Exercise - Look through the data below for the line with "Aqui vão alguns" and the line with "A respiração e", then output those two and all lines in between, exactly as written.

(Records drawn from a dataset)
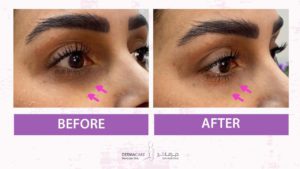 Filler Treatment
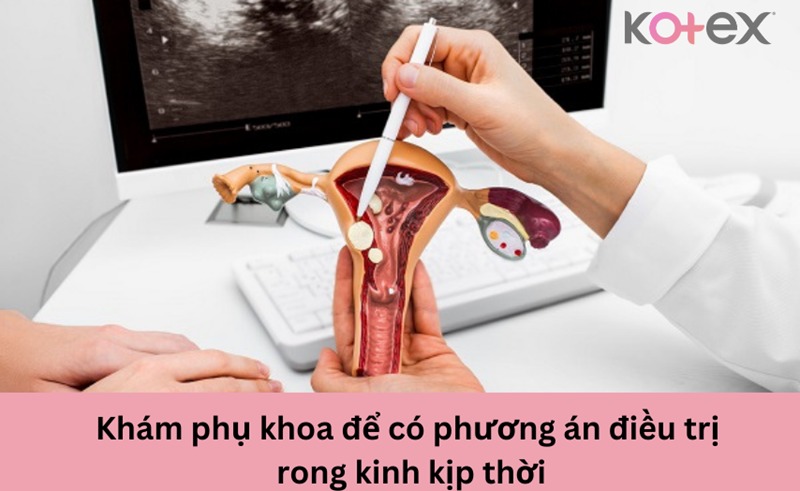 rong kinh là gì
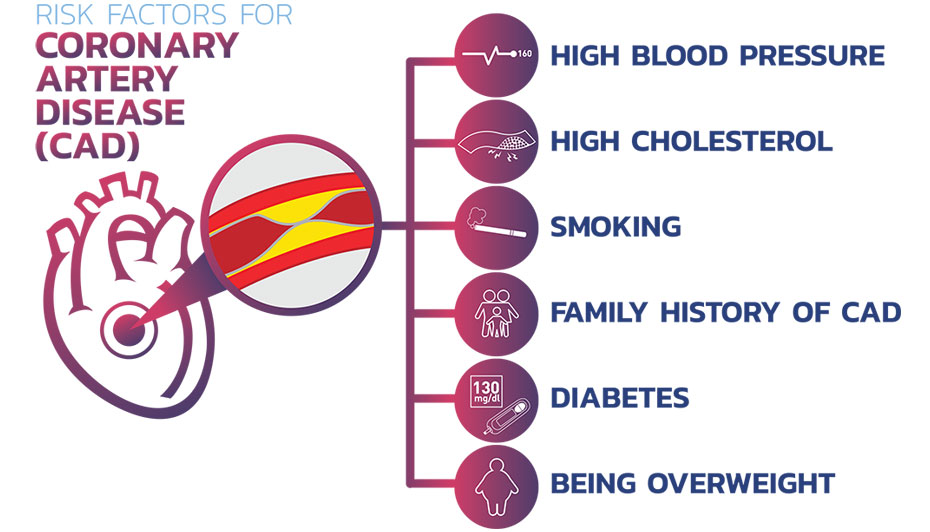 50 Unveiled Facts Intriguing History of CAD ICD 10 Ultimate Guide 2024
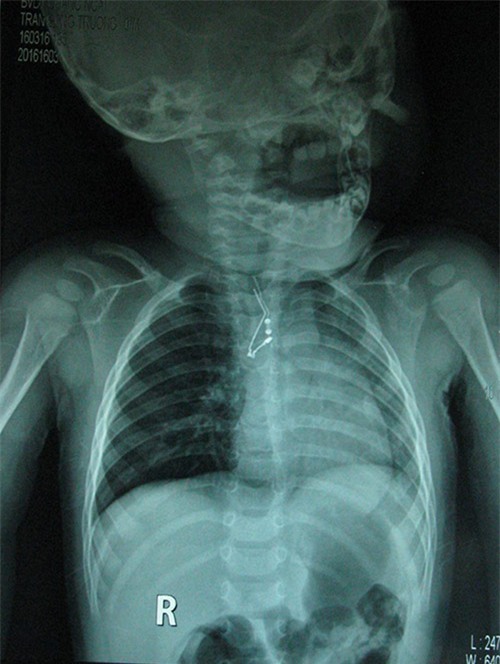 Đừng đánh đổi tính mạng của con vì bất cẩn - 1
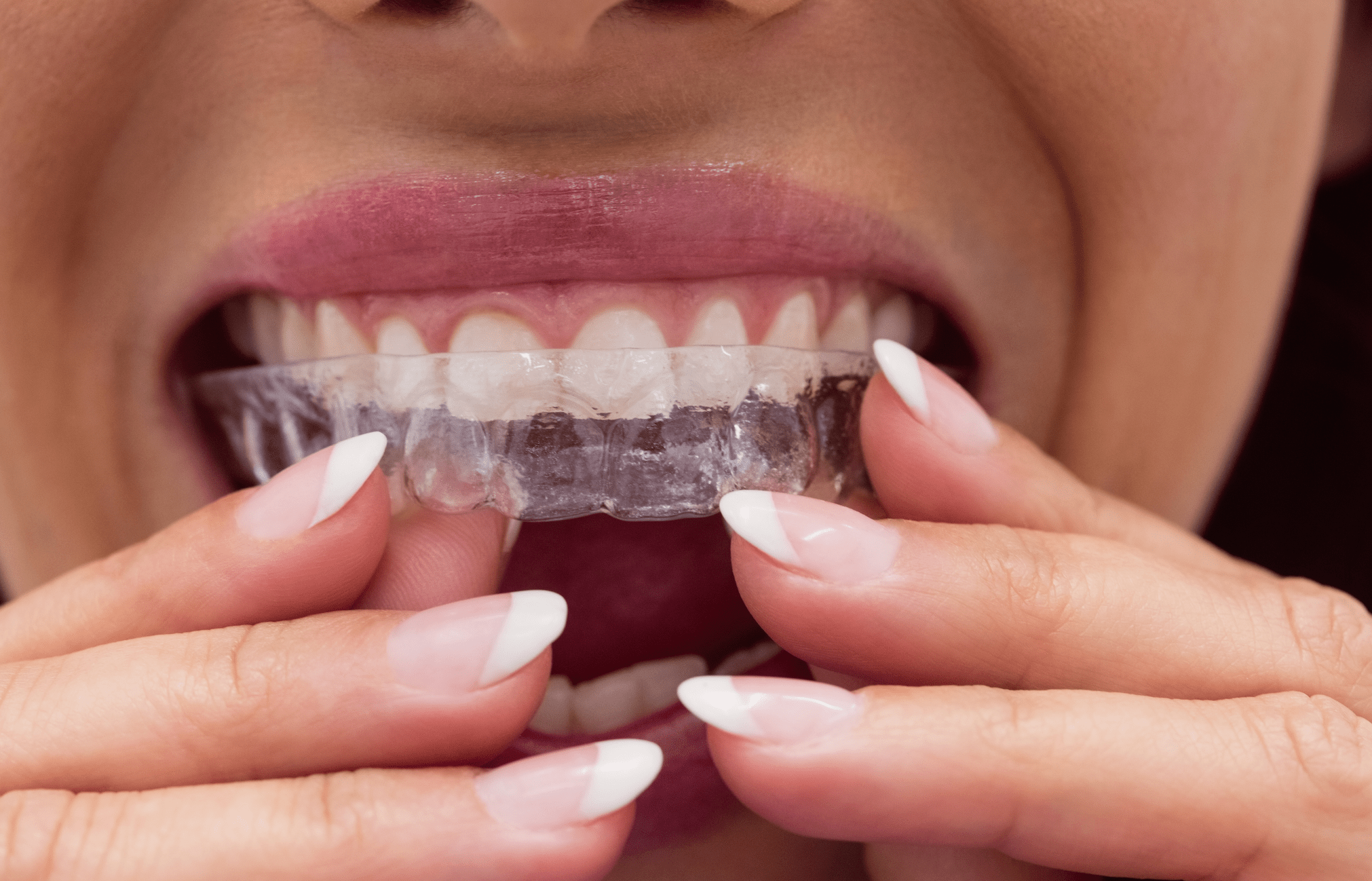 Angel Aligners vs Invisalign: Full Comparison Guide - Diamond Braces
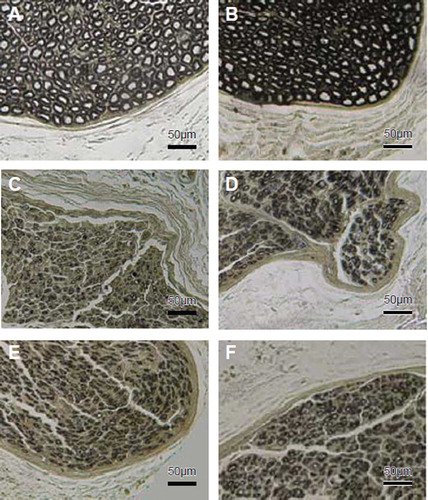 Figure 2. Histological sections through the reconstructed nerves 4 months after surgery. Proximal part of the median nerve (A) and ulnar nerve (B). Distal stump of transected median (C, Dor-Dor, Group 2) or ulnar (D, Dor-Dor Group 3) nerve neurorrhaphy; Distal median (E) and ulnar (F) stump of the group (Dor-Dor+Rec Group 4) in which whole proximal median proximal median nerve was served as donor nerve to reconstruct the distal median and ulnar nerve stump.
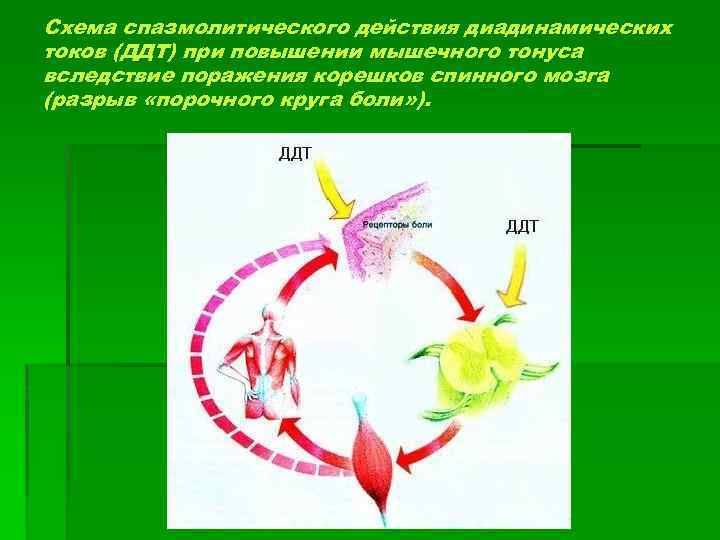 Схема спазмолитического действия диадинамических токов (ДДТ) при повышении мышечного тонуса вследствие поражения корешков спинного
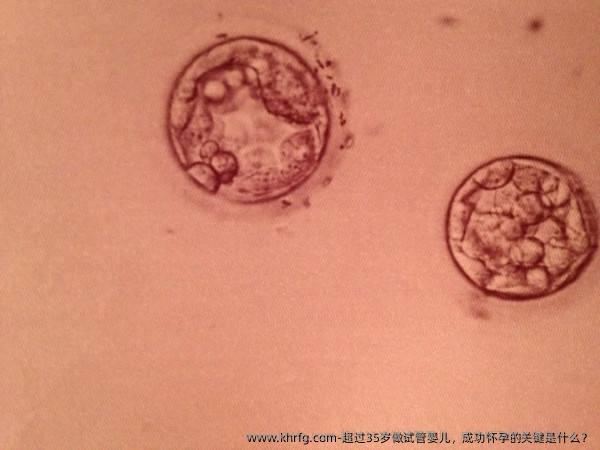 超过35岁做试管婴儿，成功怀孕的关键是什么？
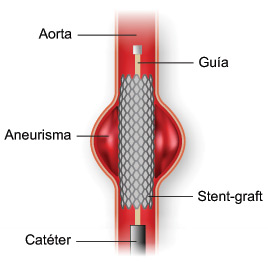 Ilustracion de un stent-graft colocado en un aneurisma.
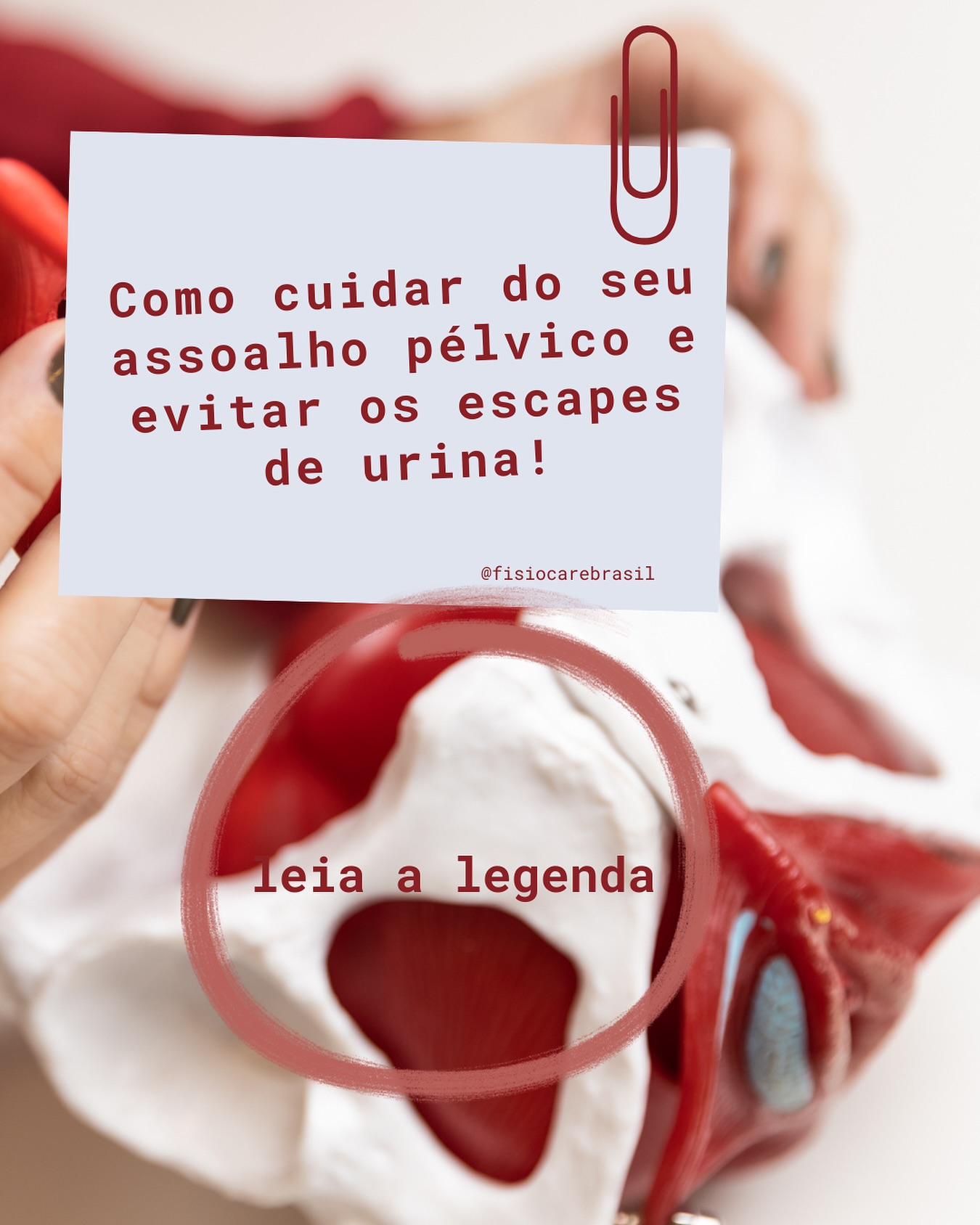Você sabia que pequenas atitudes no dia a dia podem proteger o seu assoalho pélvico e evitar aqueles escapes de urina ao tossir, rir ou fazer esforço?
👉 Aqui vão alguns cuidados simples e poderosos:
1️⃣ Evite “segurar o xixi” por muito tempo.
Isso aumenta a pressão sobre a bexiga e enfraquece a musculatura pélvica.
2️⃣ Não faça força para urinar ou evacuar.
O esforço repetido empurra o assoalho pélvico para baixo e pode causar flacidez e incontinência.
3️⃣ Fortaleça o assoalho pélvico.
Com exercícios guiados por uma fisioterapeuta pélvica, é possível reeducar a musculatura e recuperar o controle.
4️⃣ Cuide da sua postura.
A forma como você senta, tosse ou levanta peso influencia diretamente na saúde pélvica.
5️⃣ Respire corretamente.
A respiração e o assoalho pélvico trabalham juntos — quando você prende o ar, aumenta a pressão interna e sobrecarrega essa região.
✨ Evitar escapes de xixi começa com autocuidado, não com vergonha!😉
📲 Quer aprender mais? Eu ensino tudo isso de forma prática - presencial e online 😍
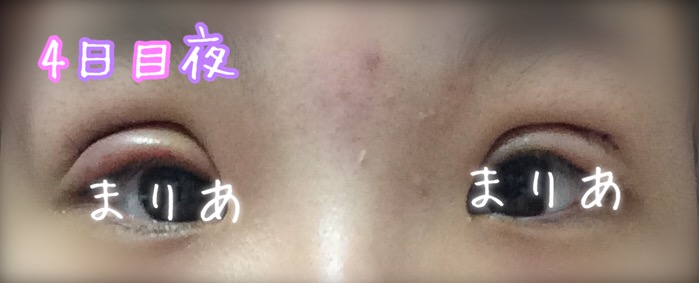 f:id:princessnoowri:20170420203049j:plain f:id:princessnoowri:20170420203049j:plain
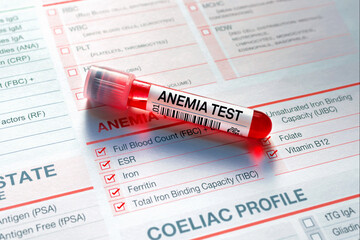 Blood sample for analysis of Anemia profile test in laboratory. Blood tube test with requisition...
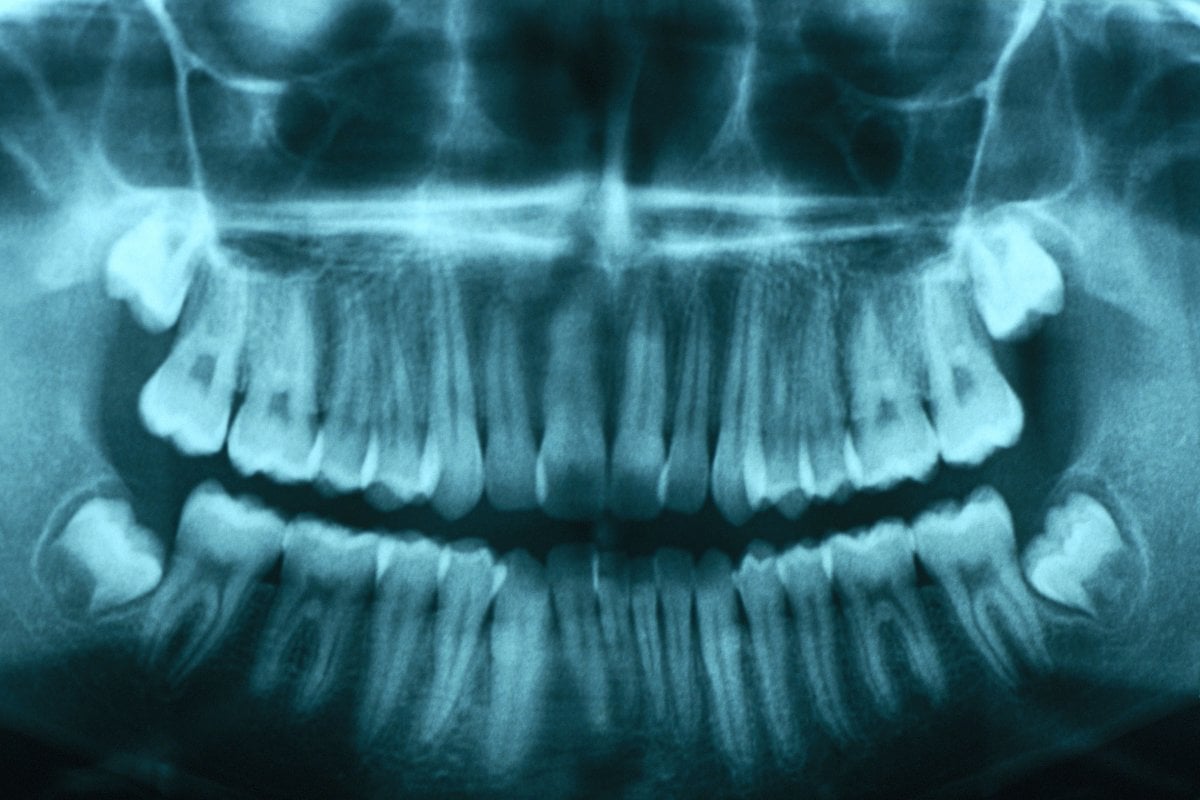 Featured image for Scientists Develop Drug to Regrow Missing Teeth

Answer for this exercise -
👉 Aqui vão alguns cuidados simples e poderosos:
1️⃣ Evite “segurar o xixi” por muito tempo.
Isso aumenta a pressão sobre a bexiga e enfraquece a musculatura pélvica.
2️⃣ Não faça força para urinar ou evacuar.
O esforço repetido empurra o assoalho pélvico para baixo e pode causar flacidez e incontinência.
3️⃣ Fortaleça o assoalho pélvico.
Com exercícios guiados por uma fisioterapeuta pélvica, é possível reeducar a musculatura e recuperar o controle.
4️⃣ Cuide da sua postura.
A forma como você senta, tosse ou levanta peso influencia diretamente na saúde pélvica.
5️⃣ Respire corretamente.
A respiração e o assoalho pélvico trabalham juntos — quando você prende o ar, aumenta a pressão interna e sobrecarrega essa região.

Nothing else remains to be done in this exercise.